Вержбиловича Петербургской Консерватории (вряд ли Семёну Матвеевичу,
входившему в 1935 году на Всесоюзном конкурсе музыкантов исполнителей
в жюри в качестве представителя кафедры виолончели и контрабаса
Московской консерватории, могло понравиться звучание инструмента
ленинградского конкурсанта Курбатова — звучание с подлинно контрабасовым
тембром).
Конечно, не был Азархин музыкантом из оркестра (хоть и отработал в них не менее 35-лет),
да и к ансамблевой игре тяги не было — он солист, индивидуальное начало
было в нём руководящим. И надо сказать, оно прекрасно подкреплялось его
уникальным техническим аппаратом: такая левая рука была только у него,
то были щупальцы осьминога; его смычок мог быть только у него — столь
утяжелённый и столь подвижный. «В то время его уровня никто не мог
достигнуть» — по признанию Иоффе. Когда у Марии Юдиной созрело желание
сыграть контрабасовую сонату П. Хиндемита, то для неё не было сомнений —
с кем, конечно же, с Азархиным.
И так, несмотря на традиционную отчуждённость московской
контрабасовой братии в отношении ленинградских коллег, Азархину
удалось — таки вписаться в московскую среду (разумеется, в той мере
насколько его характер позволял ему это сделать). В столичном городе его
талант, без сомнения, смог раскрыться с большей полнотой, нежели это
можно было предположить в периферийном.

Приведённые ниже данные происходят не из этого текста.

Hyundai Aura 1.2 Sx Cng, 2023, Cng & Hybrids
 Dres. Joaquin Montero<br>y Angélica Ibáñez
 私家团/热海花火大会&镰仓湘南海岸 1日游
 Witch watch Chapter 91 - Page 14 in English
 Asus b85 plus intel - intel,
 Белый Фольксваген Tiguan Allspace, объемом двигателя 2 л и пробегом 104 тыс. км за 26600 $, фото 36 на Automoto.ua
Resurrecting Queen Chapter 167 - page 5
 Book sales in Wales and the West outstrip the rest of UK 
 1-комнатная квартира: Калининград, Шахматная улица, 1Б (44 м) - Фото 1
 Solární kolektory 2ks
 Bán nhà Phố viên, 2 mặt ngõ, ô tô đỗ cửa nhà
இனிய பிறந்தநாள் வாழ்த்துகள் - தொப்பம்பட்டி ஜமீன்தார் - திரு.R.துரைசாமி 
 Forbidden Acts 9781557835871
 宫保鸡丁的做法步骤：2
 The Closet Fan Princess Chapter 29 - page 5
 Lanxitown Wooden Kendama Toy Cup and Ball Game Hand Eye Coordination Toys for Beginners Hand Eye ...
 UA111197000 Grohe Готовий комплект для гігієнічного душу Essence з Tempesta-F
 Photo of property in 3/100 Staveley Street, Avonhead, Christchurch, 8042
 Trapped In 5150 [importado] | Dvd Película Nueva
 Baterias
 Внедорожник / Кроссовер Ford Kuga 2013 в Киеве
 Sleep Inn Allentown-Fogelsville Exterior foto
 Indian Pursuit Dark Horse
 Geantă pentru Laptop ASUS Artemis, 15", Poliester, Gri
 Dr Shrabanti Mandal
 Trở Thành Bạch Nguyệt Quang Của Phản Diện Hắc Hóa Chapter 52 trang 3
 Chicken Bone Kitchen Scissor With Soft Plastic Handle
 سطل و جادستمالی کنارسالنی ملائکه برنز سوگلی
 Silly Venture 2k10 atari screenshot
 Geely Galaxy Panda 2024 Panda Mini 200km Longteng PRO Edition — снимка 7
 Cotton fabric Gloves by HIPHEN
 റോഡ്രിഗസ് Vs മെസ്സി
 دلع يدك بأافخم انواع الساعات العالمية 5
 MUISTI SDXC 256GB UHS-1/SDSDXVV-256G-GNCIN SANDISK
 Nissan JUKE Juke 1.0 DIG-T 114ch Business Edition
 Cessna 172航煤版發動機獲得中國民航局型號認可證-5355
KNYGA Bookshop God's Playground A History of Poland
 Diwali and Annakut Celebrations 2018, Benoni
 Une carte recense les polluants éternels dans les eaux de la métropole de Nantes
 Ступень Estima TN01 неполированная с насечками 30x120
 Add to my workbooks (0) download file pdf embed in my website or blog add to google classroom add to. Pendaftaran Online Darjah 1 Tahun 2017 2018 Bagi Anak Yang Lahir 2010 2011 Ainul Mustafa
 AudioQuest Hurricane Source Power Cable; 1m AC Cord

Работа на месте 2-го
концертмейстера в оркестре Иванова — Светланова; систематические, как
ни у кого, сольные выступления — и не только в Москве (вот только
Ленинград его почти не знал); шквальный размах переложений для
контрабаса и компонирование оригинальных пьес (одна из них, «Ретро»
с посвящением апостолу всех виртуозов Никколо Паганини, исполнена была
автором в последнем его концерте в 1983г. — скончался Азархин 26 марта
2007года); концертные и студийные записи на Мелодии и CBS — такова
в общих чертах панорама его исполнительской и творческой деятельности.
Преуспевающий контрабасист — явление почти нереальное в нашей
отечественной действительности, но Азархин был таковым. И всё же,
а может быть именно потому, крепла со временем в нём трагическая нотка,
и не из неё ли исходила его неудавшаяся попытка в 70-х
годах закрепиться в оркестре Мравинского? И не нужно думать, что
в Родионе Михайловиче Азархине, человеке с московской пропиской,
атрофировано было осознание себя Эриком с Матвеева переулка. И пусть
он не был из тех, кто ценит «золотую середину», не могло в нём не жить
осознание своей корневой принадлежности к Школе, что шла от Василия
Жданова — Вацлава Беха через её корифеев Сергея Буяновского и Петра
Вейнблата, учителей его, и земляка знаменитого Михаила Кравченко —
к учителю — сфинксу Михаилу Курбатову и к нему, к Азархину.
Петербургская контрабасовая школа в нынешнем её обличии — тот
феномен, жизнеспособность которого обусловлена, с одной стороны,
устойчивостью традиций, с другой — стремлением её ведущих мастеров
вырваться из регионального неведения.